Met some famous people.











Then I found a virtually brand new wine cooler....... That step is a kick in the pants, knowing I now have _TWO_ Winodors!!! Notice how full the bottom is getting and I have a box on the way and doing a Cigar Shop Crawl in New Orleans ( index ) this comming Saturday (so it shall be filling up even more soon).

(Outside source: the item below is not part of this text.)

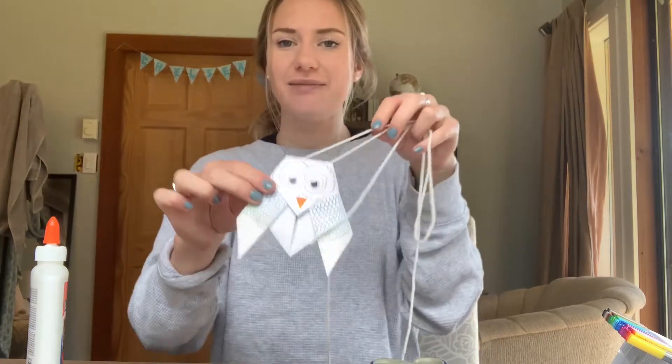Hi everyone! My name is Chelsea and I'm a children's program leader at Courtney Recreation Center. Today I'm going to be showing you how to make these climbing critters.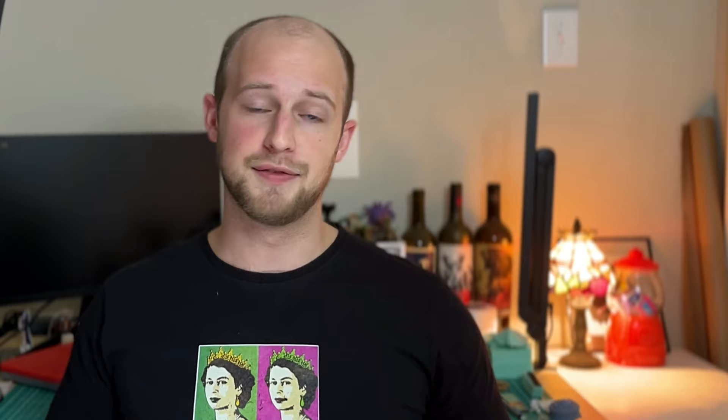Bottom line — don't be so hard on yourself if you mess something up or don't nail it exactly the way you want on the first try. Part of the mini painting process is making mistakes and learning from those mistakes. Really anything in life: if you're going to make a mistake, don't sit on that and let it weigh you down. Learn from it and move forward.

 So, now I'm a year and a half in, 2*.*5 humidors, 2 winodors, a vaster knowledge, great bunch of BOTLs (you guys), and countless dollars spent.
_But it is all worth it!!_

*Thanks guys* for helping me and others upon our way of enjoying the leaf. From the vast knowledge (and humor), bombings, passes, pifs, and contests, etc... you guys and gals are one of the greatest group of BOTL a guy could ask for.

_I Thank you all._
_Shawn_


*Anyone else have any pics of thier slippery slopes??*


----------



## Rubix^3 (Nov 10, 2008)

Congrats on setting bad influence!


----------



## dartstothesea (Aug 15, 2008)

I too have been a victim of the slippery slope. The first step to recovery is admitting.


----------



## thegoldenmackid (Mar 16, 2010)

I'd say you are half way there .


----------



## jaydub13 (Jan 13, 2010)

I just had my first big slide down the slope with the new addition of a Vinotemp(same model as yours).... Its gonna be a quick ride from here!


----------



## CaptainJeebes (Apr 26, 2008)

qute the collection you have there. mine has sadly dwindled down recently


----------



## smelvis (Sep 7, 2009)

The slope is not only slippery but very steep as well, But a fun one. 

Quite the climb Bro! I like the cabinets!


----------



## socapots (Feb 22, 2010)

Rubix^3 said:


> Congrats on setting bad influence!


haha.. i'll 2nd this one. lol


----------



## Magnate (Nov 27, 2009)

We all need more cigars... 

Thanks for posting up the pics!!


----------



## iMarc (Feb 24, 2010)

Fun timeline.


----------



## BTcigars (Jun 30, 2009)

thanks for sharing. you are in good company on the way down


----------



## MrLexus (Dec 31, 2009)

very slippery but oh so worth it  Nice pictures


----------



## KINGLISH (Jul 27, 2009)

The good news is that it is bottomless!! HA Nice stash!


----------



## jimjim99 (Jan 25, 2009)

Nice


----------